Liu Lingjie, Zhao Yixin, Siepel Adam
Simons Center for Quantitative Biology, Cold Spring Harbor Laboratory, Cold Spring Harbor, NY.
Graduate Program in Genetics, Stony Brook University, Stony Brook, NY.
bioRxiv. 2023 Dec 23:2023.12.21.572932. doi: 10.1101/2023.12.21.572932.
Across all branches of life, transcription elongation is a crucial, regulated phase in gene expression. Many recent studies in eukaryotes have focused on the regulation of promoter-proximal pausing of RNA Polymerase II (Pol II), but rates of productive elongation also vary substantially throughout the gene body, both within and across genes. Here, we introduce a probabilistic model for systematically evaluating potential determinants of the local elongation rate based on nascent RNA sequencing (NRS) data. Our model is derived from a unified model for both the kinetics of Pol II movement along the DNA template and the generation of NRS read counts at steady state. It allows for a continuously variable elongation rate along the gene body, with the rate at each nucleotide defined by a generalized linear relationship with nearby genomic and epigenomic features. High-dimensional feature vectors are accommodated through a sparse-regression extension. We show with simulations that the model allows accurate detection of associated features and accurate prediction of local elongation rates. In an analysis of public PRO-seq and epigenomic data, we identify several features that are strongly associated with reductions in the local elongation rate, including DNA methylation, splice sites, RNA stem-loops, CTCF binding sites, and several histone marks, including H3K36me3 and H4K20me1. By contrast, low-complexity sequences and H3K79me2 marks are associated with increases in elongation rate. In an analysis of DNA -mers, we find that cytosine nucleotides are strongly associated with reductions in local elongation rate, particularly when preceded by guanines and followed by adenines or thymines. Increases in elongation rate are associated with thymines and A+T-rich -mers. These associations are generally shared across cell types, and by considering them our model is effective at predicting features of held-out PRO-seq data. Overall, our analysis is the first to permit genome-wide predictions of relative nucleotide-specific elongation rates based on complex sets of genomic and epigenomic covariates. We have made predictions available for the K562, CD14+, MCF-7, and HeLa-S3 cell types in a UCSC Genome Browser track.
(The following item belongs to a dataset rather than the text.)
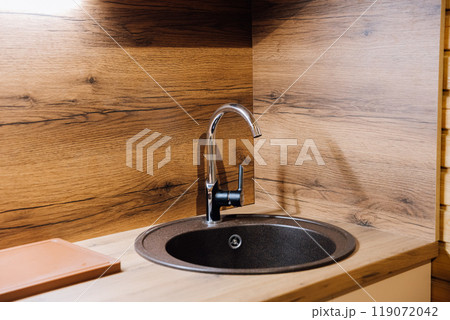 Modern kitchen sink with wooden countertop, showcasing contemporary design and minimalist style 119072042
在生命的所有分支中,转录延伸是基因表达中一个关键的、受调控的阶段。最近在真核生物中的许多研究都集中在RNA聚合酶II(Pol II)启动子近端暂停的调控上,但在整个基因体内,无论是在基因内部还是不同基因之间,有效延伸速率也存在很大差异。在这里,我们引入了一个概率模型,用于基于新生RNA测序(NRS)数据系统地评估局部延伸速率的潜在决定因素。我们的模型源自一个统一模型,该模型既描述了Pol II沿DNA模板移动的动力学,又描述了稳态下NRS读数计数的生成。它允许沿基因体的延伸速率连续变化,每个核苷酸处的速率由与附近基因组和表观基因组特征的广义线性关系定义。通过稀疏回归扩展来处理高维特征向量。我们通过模拟表明,该模型能够准确检测相关特征并准确预测局部延伸速率。在对公开的PRO-seq和表观基因组数据的分析中,我们确定了几个与局部延伸速率降低密切相关的特征,包括DNA甲基化、剪接位点、RNA茎环、CTCF结合位点以及几种组蛋白标记,包括H3K36me3和H4K20me1。相比之下,低复杂性序列和H3K79me2标记与延伸速率增加有关。在对DNA -聚体的分析中,我们发现胞嘧啶核苷酸与局部延伸速率降低密切相关,特别是当它前面是鸟嘌呤且后面是腺嘌呤或胸腺嘧啶时。延伸速率增加与胸腺嘧啶和富含A + T的聚体有关。这些关联通常在不同细胞类型中都存在,并且通过考虑这些关联,我们的模型能够有效地预测留存的PRO-seq数据的特征。总体而言,我们的分析首次允许基于复杂的基因组和表观基因组协变量集对全基因组相对核苷酸特异性延伸速率进行预测。我们已在UCSC基因组浏览器轨道中为K562、CD14 +、MCF-7和HeLa-S3细胞类型提供了预测结果。